:: PROVIDED DATA

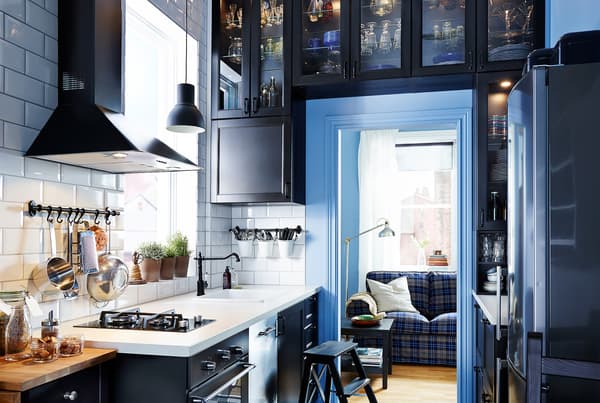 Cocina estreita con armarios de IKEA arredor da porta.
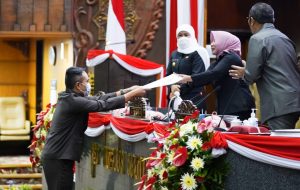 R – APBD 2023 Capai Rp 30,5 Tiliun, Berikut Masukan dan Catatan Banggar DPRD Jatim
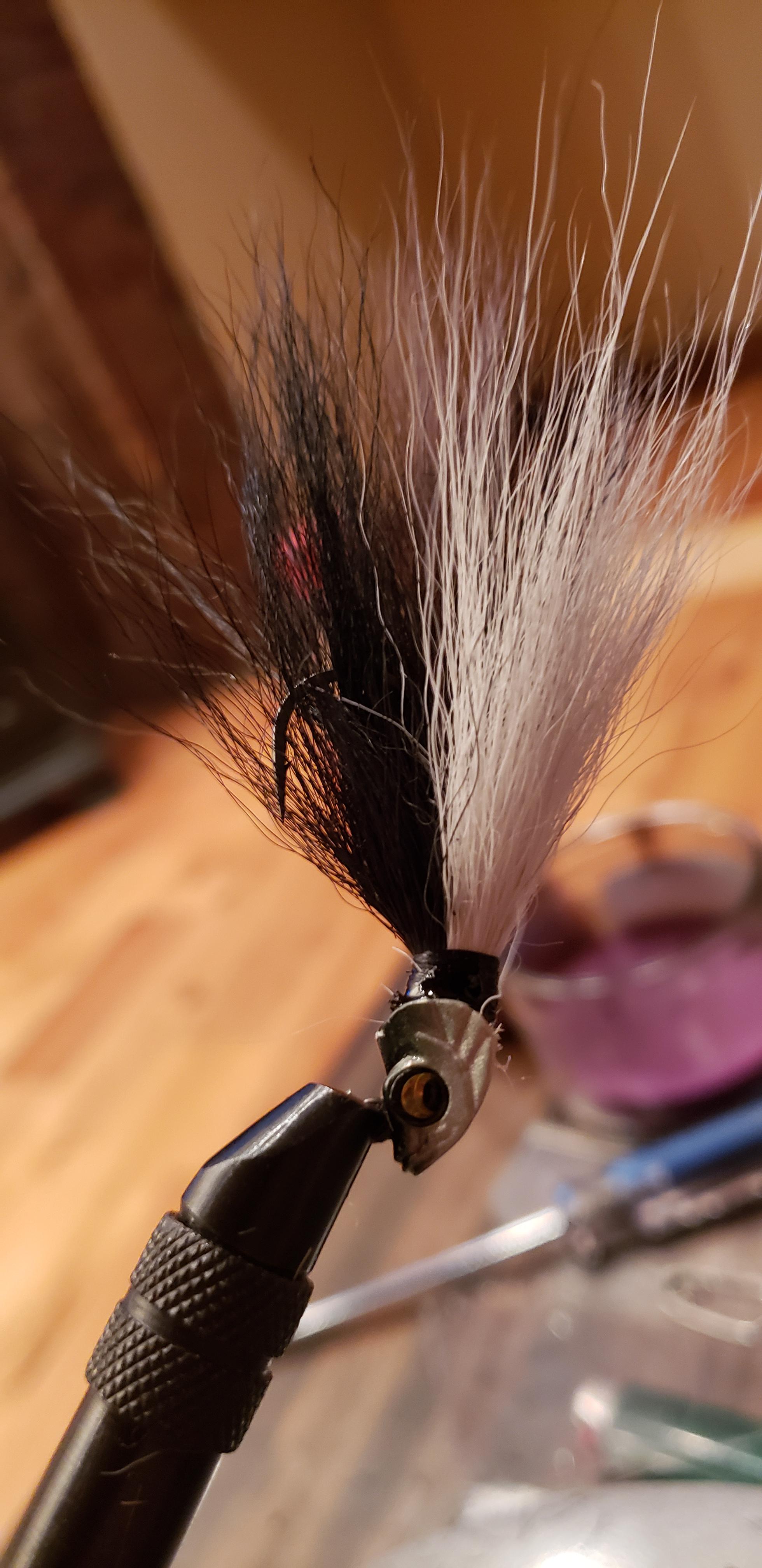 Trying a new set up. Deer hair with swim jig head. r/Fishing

::::
:: PROVIDED DATA

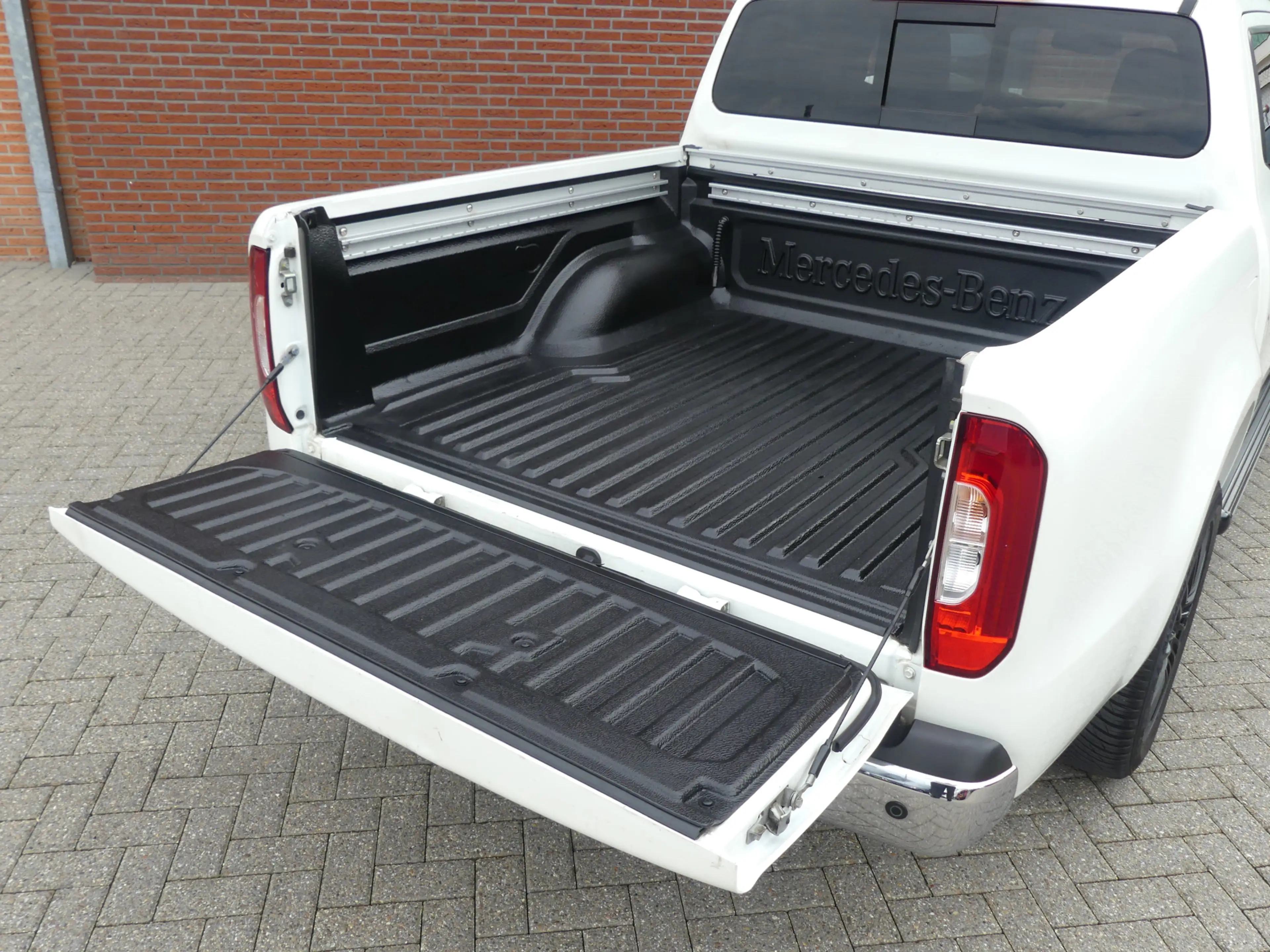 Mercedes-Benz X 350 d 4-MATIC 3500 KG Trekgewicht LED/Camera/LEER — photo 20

::::

When you reach the line that has "Cocina estreita con" in the data above, start repeating lines exactly, and stop after the line that has "Trying a new"; pictures stay out.

## ANSWER TO THE PROBLEM
 Cocina estreita con armarios de IKEA arredor da porta.
 R – APBD 2023 Capai Rp 30,5 Tiliun, Berikut Masukan dan Catatan Banggar DPRD Jatim
 Trying a new set up. Deer hair with swim jig head. r/Fishing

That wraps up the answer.